-- What you need to do --
From the line containing "1G6KD54Y04U133062 - 2004" down to the line containing "Brooks Distance Graphic Short Sleeve Women's (2020) 9", copy out the entries below exactly, both lines included, and nothing else; pictures do not belong in the copy.

-- Data section --
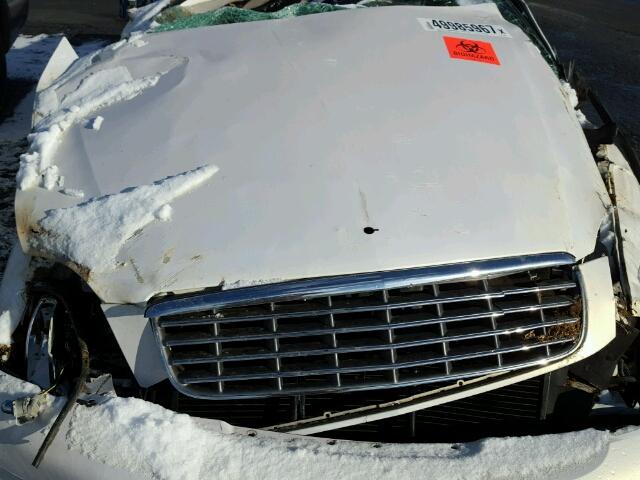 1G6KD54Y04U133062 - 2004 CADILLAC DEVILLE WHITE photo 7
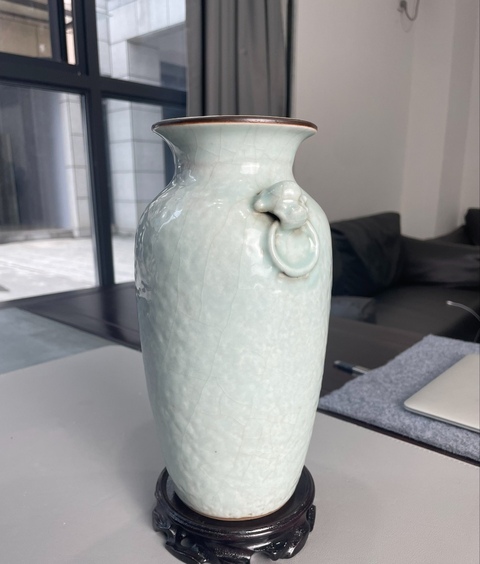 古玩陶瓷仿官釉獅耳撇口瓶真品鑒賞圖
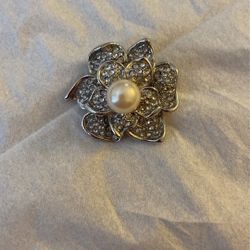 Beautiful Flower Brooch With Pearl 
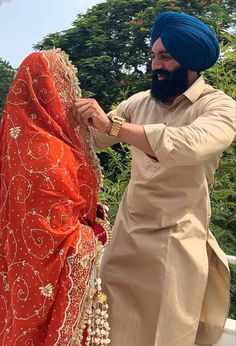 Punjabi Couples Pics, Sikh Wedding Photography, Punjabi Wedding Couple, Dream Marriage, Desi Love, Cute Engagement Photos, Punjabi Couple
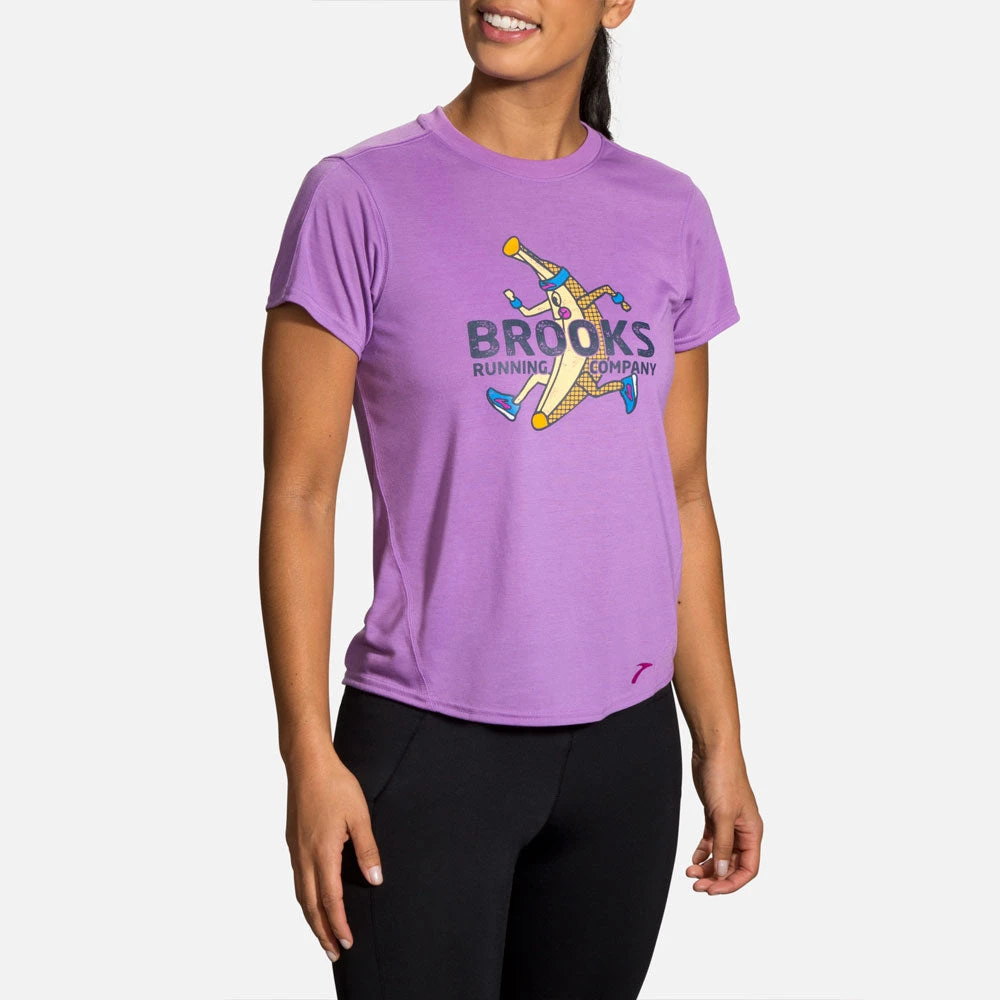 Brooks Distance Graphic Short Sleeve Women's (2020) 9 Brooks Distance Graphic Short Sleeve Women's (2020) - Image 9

* * *

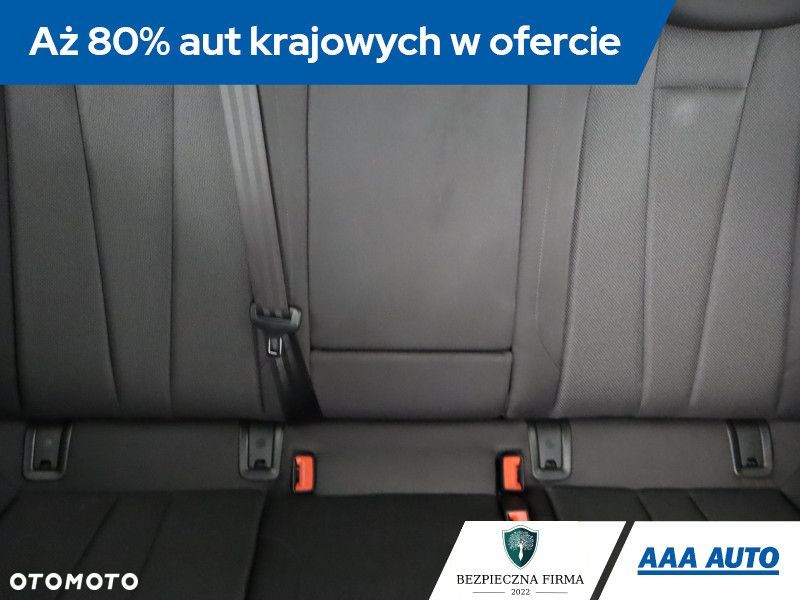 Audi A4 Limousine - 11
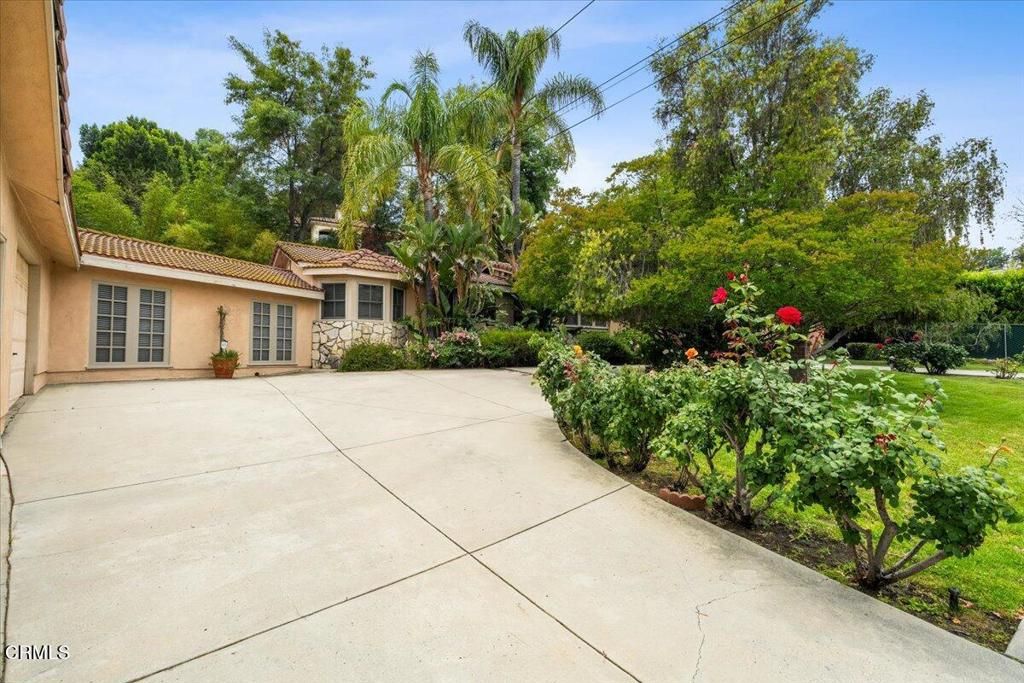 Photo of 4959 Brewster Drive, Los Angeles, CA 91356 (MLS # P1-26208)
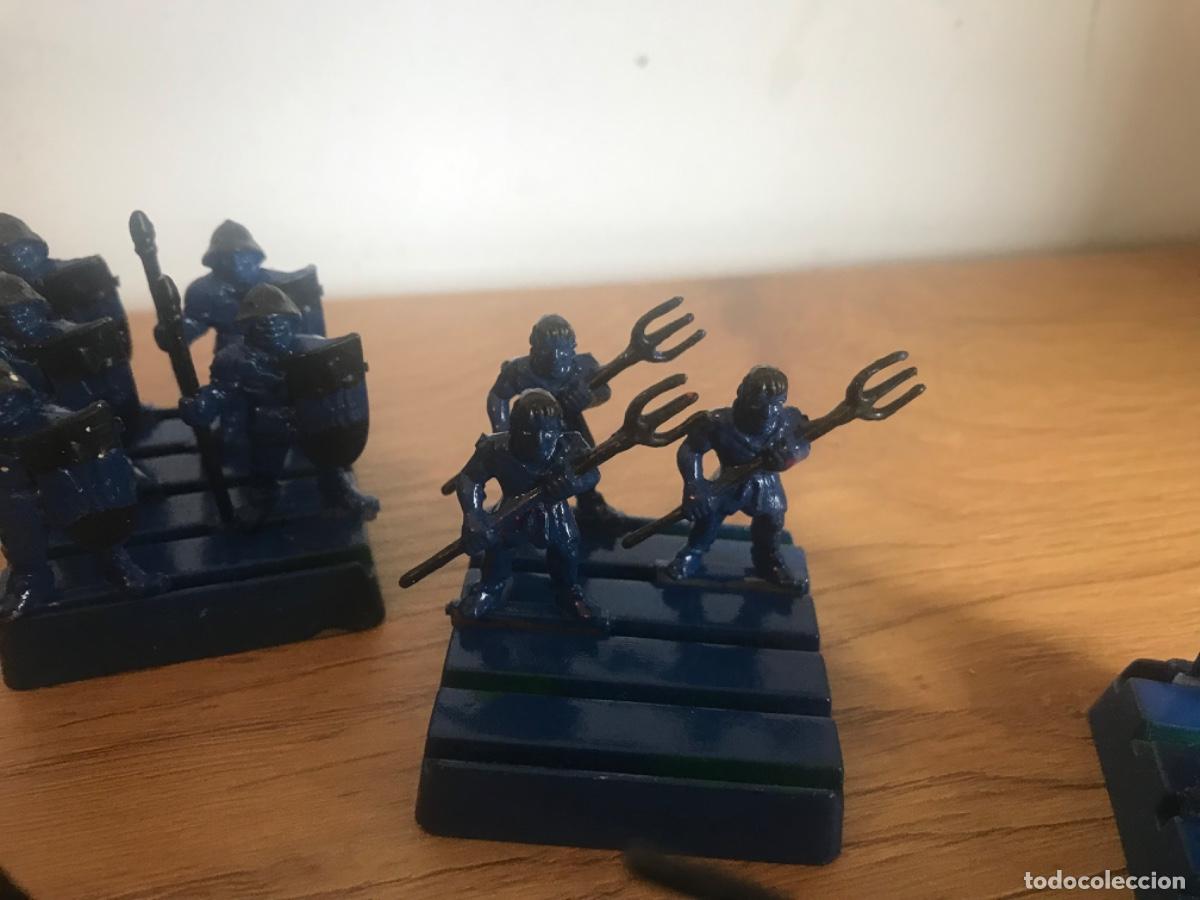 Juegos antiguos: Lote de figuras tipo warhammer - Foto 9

-- Reply --
 1G6KD54Y04U133062 - 2004 CADILLAC DEVILLE WHITE photo 7
 古玩陶瓷仿官釉獅耳撇口瓶真品鑒賞圖
 Beautiful Flower Brooch With Pearl 
 Punjabi Couples Pics, Sikh Wedding Photography, Punjabi Wedding Couple, Dream Marriage, Desi Love, Cute Engagement Photos, Punjabi Couple
 Brooks Distance Graphic Short Sleeve Women's (2020) 9 Brooks Distance Graphic Short Sleeve Women's (2020) - Image 9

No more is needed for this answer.